A nova pesquisa, publicada no Jornal genética na medicina, é o primeiro estudo dessa natureza.


 Com o aumento da disponibilidade de exame ultra-sonográfico pré-natal e testes genéticos, muitos bebês são diagnosticados antes do nascimento.

 "Houve essa noção de que sob circunstâncias controladas de nascimento, como uma cesariana, haveria menos risco de fratura ao recém-nascido durante o parto," disse o Dr. Sandesh Nagamani, diretor da Clínica para distúrbios metabólicos e genéticos de ossos e o último autor do relatório. No entanto, a premissa nunca tinha sido estudada sistematicamente.

A equipe teve acesso aos dados recolhidos uniformemente pelos seis centros clínicos na América do Norte como parte dos centros de pesquisa clínica OI referenciados liderados pelo Dr. V. Reid Sutton, professor de genética molecular e humana em Baylor. "Partimos para entender se a cesariana foi associado com taxas de redução de fraturas nestes pacientes, em comparação com o parto vaginal", disse Sutton.

Em um estudo envolvendo 540 pacientes com osteogênese imperfeita - O maior estudo de qualquer sobre este tema - a equipe descobriu que o parto por cesariana não foi associada com a diminuição da taxa de fratura nos recém-nascidos.

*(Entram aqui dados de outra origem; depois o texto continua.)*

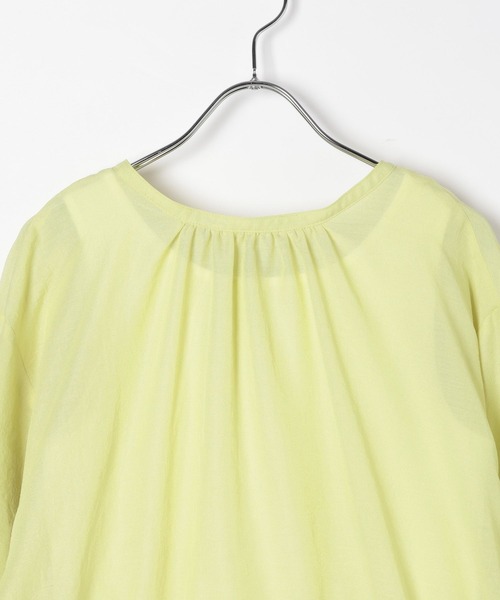 LEPSIM（レプシィム）の「着回しブラウス《2点セット》　639490（シャツ/ブラウス・レディース・グレー/オフホワイト/ブラウン/イエロー/ブラック・FREE）」の13枚目の写真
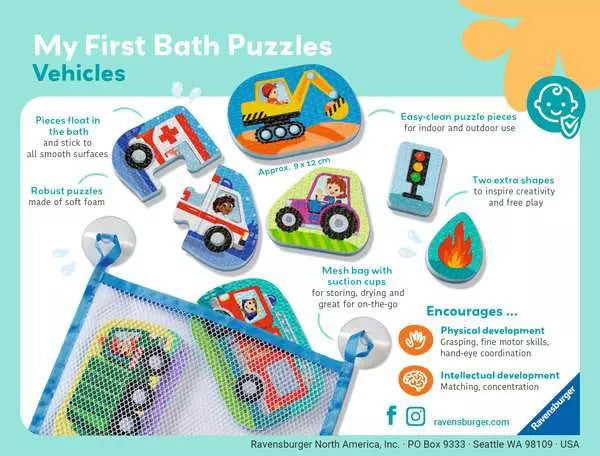 Play+ My First Bath Puzzles: Vehicles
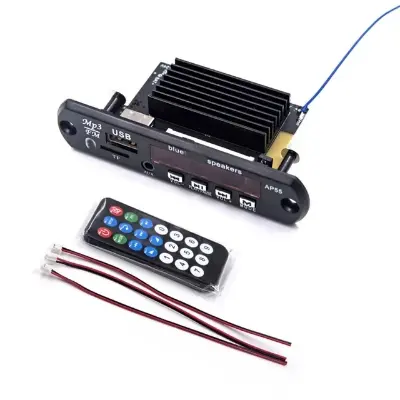 Picture of Gold-Ap55 TPA3116D2 Audio Music Player: 2x50w Dual Board With Built In Bluetooth, Usb, Sd-Card Slot & Remote Black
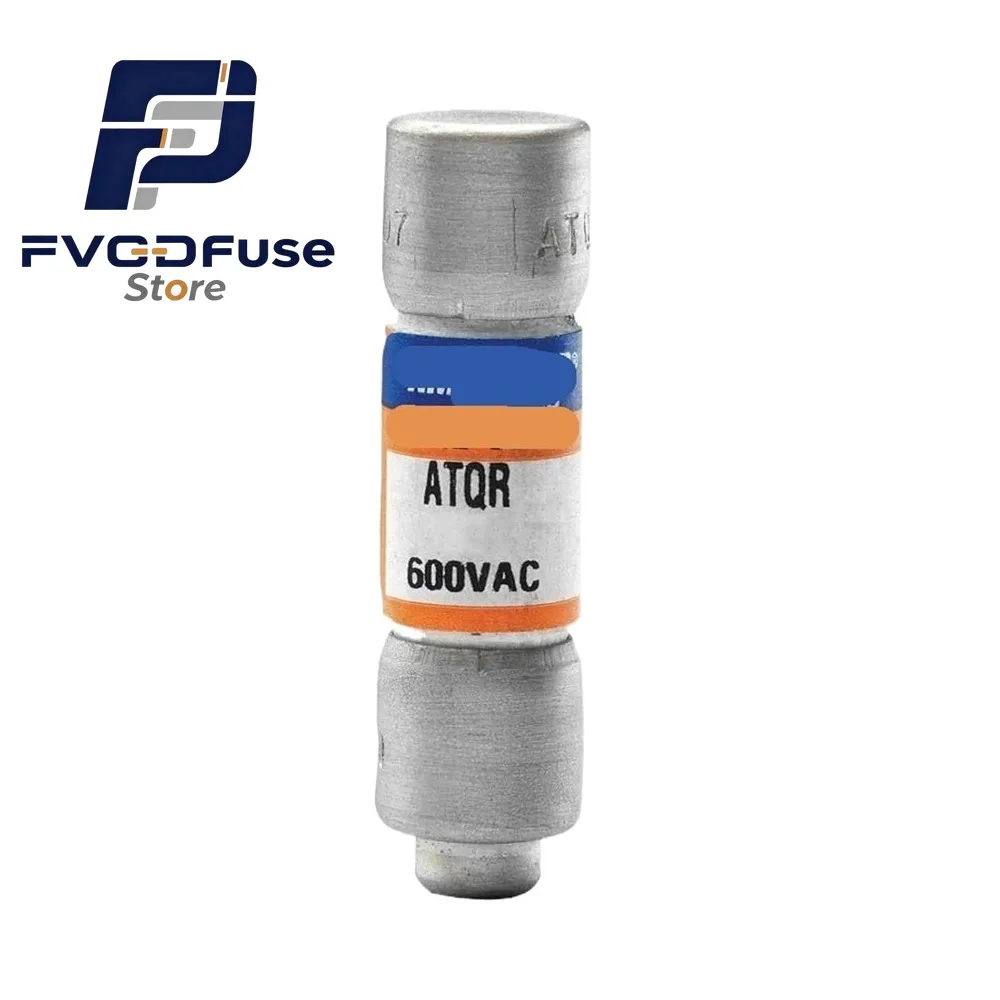 10PCS OEM ATQR6 6A 600VAC 300VDC Time‑Delay Class‑CC Rejection Fuse
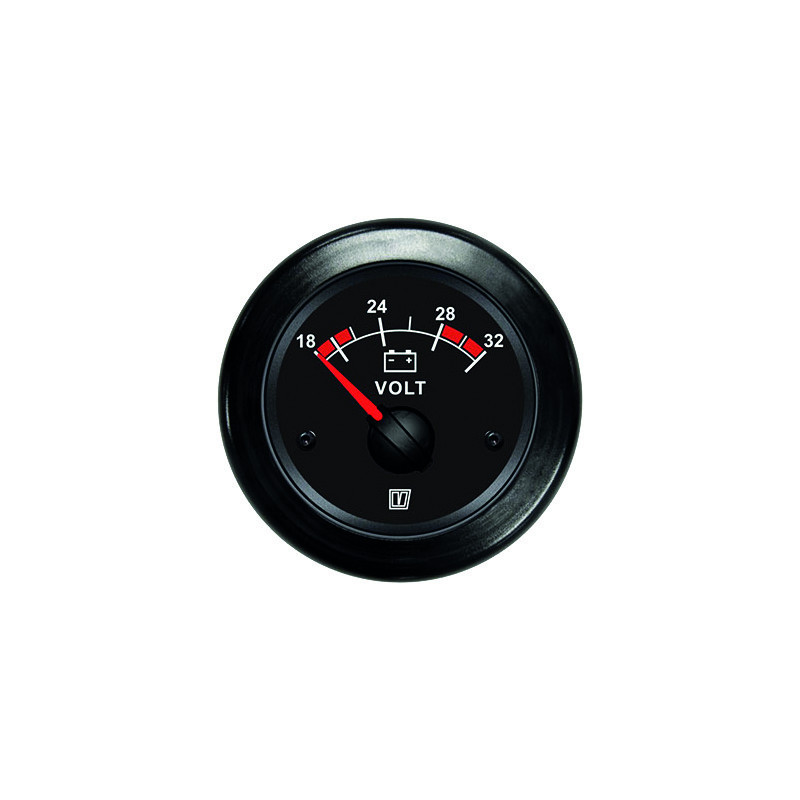 Voltmeter mätare 24 V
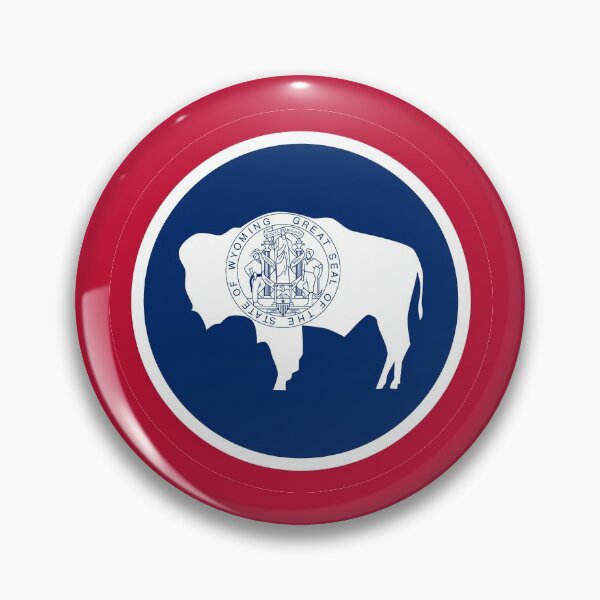 Item preview, Wyoming State Flag designed and sold by Derek Rebuck.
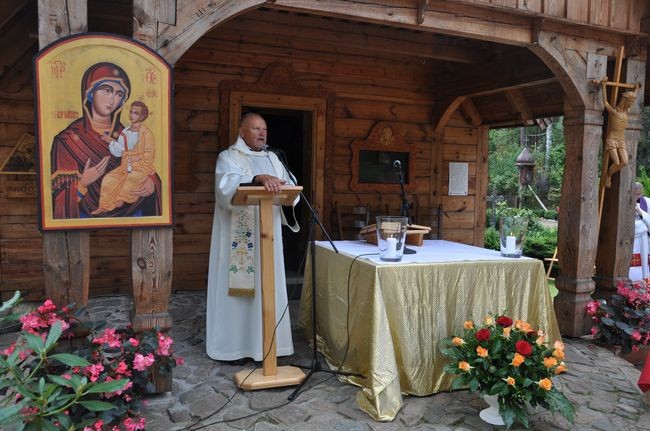 Pielgrzymka trzeźwości w Polanowie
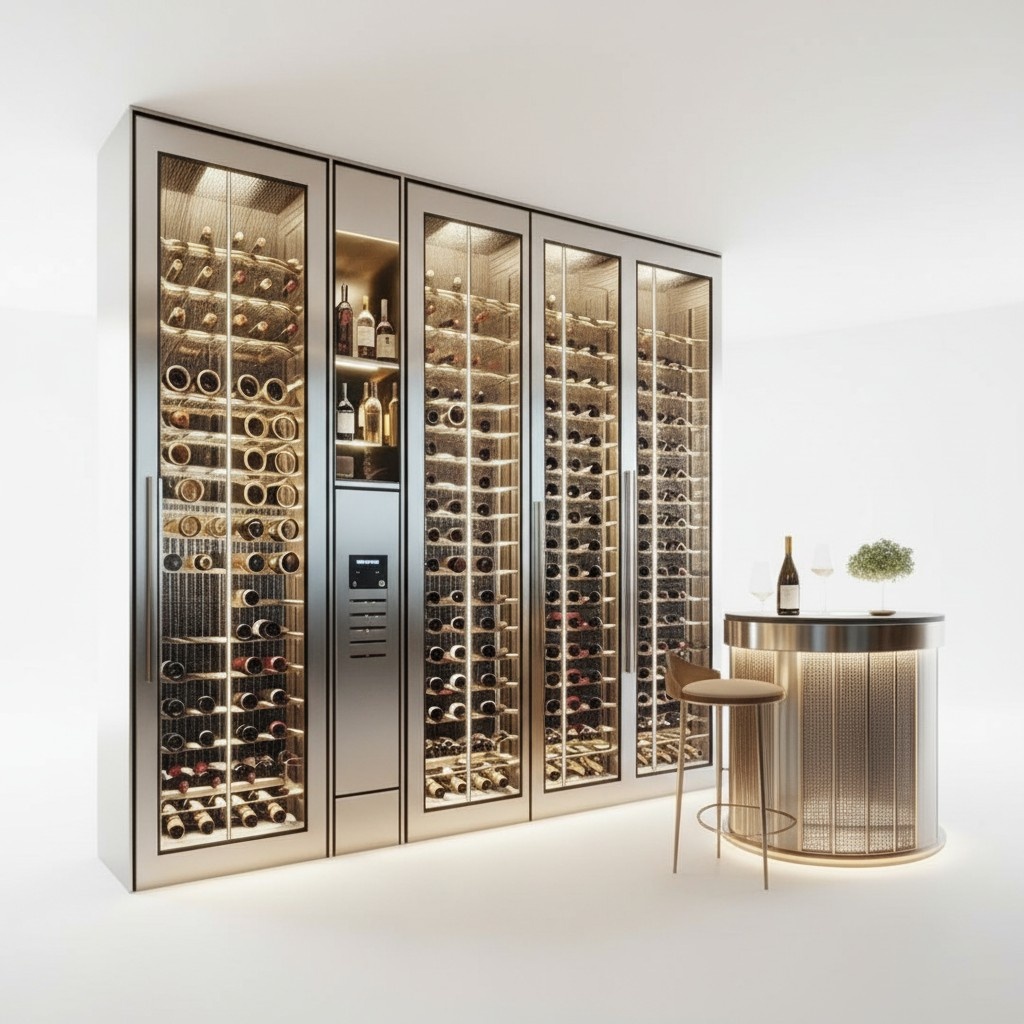 Weinschrank Weinkühlschrank Flaschenregal Weinmöbel Weinkühlvitrine Weinablage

"A amostra permitiu avaliação estatística detalhada dos vários co-variáveis, e nossas análises mostram que quando a contabilidade para essas variáveis, não houve diferenças nas taxas de fratura com base em se o parto foi por via cesariana ou vaginal", disse Sunil Bellur, um estagiário no Baylor no âmbito do Departamento de Texas de Serviços de Saúde Programa de Bolsas de Verão para 2014 (na época do estudo) e Dr. Mahim Jai, pós-doutorado em genética molecular e humana em Baylor, que são os principais autores do manuscrito.

"Este novo estudo apresenta informações atualizadas para obstetras e mulheres grávidas com crianças diagnosticadas com osteogênese imperfeita para determinar o melhor método de parto para sua situação individual. Sabemos agora que a cesárea não significa necessariamente que seja melhor para estas mulheres ", disse Nagamani.

 "Fornecer respostas baseadas em evidências clinicamente relevantes a essas questões não é fácil, quando se trata de doenças raras. Grandes esforços de colaboração são fundamentais não só para a compreensão da história natural das doenças raras, mas também em terapias avançandas ", disse o Dr. Brendan Lee, Robert e Janice McNair, médico de Genética Humana e Molecular e investigador principal para os Transtornos dos ossos frágeis.